I recently had a serious situation pop up with a coaching client that was attempting to sell house he’d bought last year.
Remember one of the top 10 no-no’s of investing in real estate is “never put a house in your personal name OR your company name”. I’m lucky to have mentors that told me this years ago and I never had to learn the hard way. But this coaching client was put to the test. By now you know I always take title in land trusts. I love the way that name sounds so professional and proper but in reality it’s nothing but basic black ink on white paper. Some states refer to it as a Grantor Revocable Trust.
The reason I take title in land trusts is because nobody knows who owns the trust unless I tell them OR they get a court order… And court orders ain’t cheap. A trust has 3 simples parts listed below:
- The Beneficiary-owns the land trust
- The Trustee– Works for beneficiary & signs all documents
- The Trust Agreement– 7 page document that spells out what the trust can do.
- (I guess the 4th part would be the house itself)
In essence the Beneficiary receives all the benefit from the trust and the Trustee is a worker for hire. The beneficiary never goes on public record so nobody knows he exists. Each and every time I close on house, the deed says the owner will be the address trust or “123 easy st. trust”. The Trust is the owner of the house so if anybody wants to go sniffing around my assets, they’ll never know I have any interest in the house.
Just imagine if the Walt Disney Company or Sentara Hospital or Microsoft or any other major corporation was looking to buy a property from you.

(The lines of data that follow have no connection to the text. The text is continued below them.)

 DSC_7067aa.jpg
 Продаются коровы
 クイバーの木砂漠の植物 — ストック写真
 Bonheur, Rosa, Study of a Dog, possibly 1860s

Perhaps you might want to raise the price because you know they can pay any price you wanted. Those corporations would most likely NOT make offers in their names, but they can disguise themselves by using trusts. The problem this coaching client had was that he took title in the name of the trust but he did one move that I don’t recommend. He made himself the Trustee and he made his LLC the beneficiary. I’m not sure why he did because the Trustee’s name does go on title as being the trustee. When he went to sell the house a year later, the title co. did a full title search on him(trustee) and his Company(Beneficiary). Through this transaction I learned the Trustee and the Beneficiary gets researched on the title search.
As it so happened, he had some large judgments against his personal name and the title co. was demanding that he pay them off before he would be able to transfer title to the new buyer. Just imagine having a $20,000 payday next week when you’re going to sell a flip and the title co. tells you that you must pay off $15,000 in judgments before you can sell the house. Initially my stomach cringed for this poor coaching client but when he told me the house was titled in a trust, I felt like we may be able to get around those judgments. I quickly called the title co. and sure enough, he said the trustee can’t have any judgments as well as the beneficiary.

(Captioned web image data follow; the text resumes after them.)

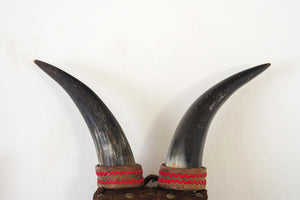 Vintage Bullhorns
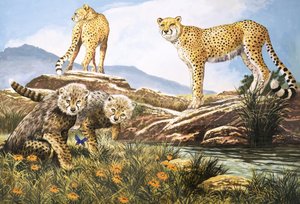 High-Speed Hunter, The Cheetah, illustratie uit Nature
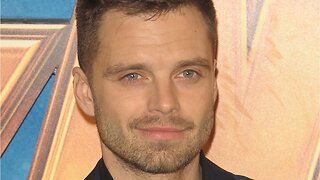 Sebastian Stan Heard Opposing Info On 'Endgame'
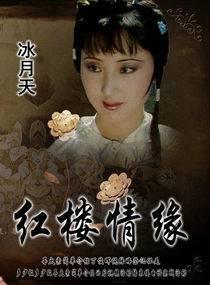 红楼情缘封面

This was very weird because I’ve always been taught and have even taught others that the Trustee has NO BEARING on the Land Trust. The only duty of the Trustee is to sign documents. So, I reached out to Mike Hamar, my “go to” attorney for real estate issues. He confirmed my thoughts that the Trustee’s debts do not attach to the Land Trust itself. So in essence, the Trustee can go out there and get into any type of financial trouble and it has no effect on the trust that owns the house. I got Mike in touch with my Title co. and they cleared everything up and let the closing take place without paying off one single judgment against the trustee.
The point of this story… DON’T TAKE TITLE IN YOUR NAME.

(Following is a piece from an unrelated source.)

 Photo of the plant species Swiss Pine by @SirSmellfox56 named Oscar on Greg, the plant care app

You never know when an old creditor or predator is lurking waiting to attack your name and get a judgment against you. Good thing my coaching client took this advice seriously and put his house in a Trust. Now we all know the actions of the trustee has no effect on the trust. But, I don’t recommend you being a trustee for own trusts. Find a friend you trust to sign your docs or maybe a family member with a different last name. Perhaps even a co-worker but don’t use your name. Once you put the house in your name, then creditors can find your assets easily. If you don’t have a friend you trust that can be a trustee for you then you need to get some new friends. Call me, I can be your trustee if you don’t have anybody else. Always remember the Trustee does have the power to sell your house at any time without your permission. So you better choose wisely when it comes to Trustees. Get out there and make it happen.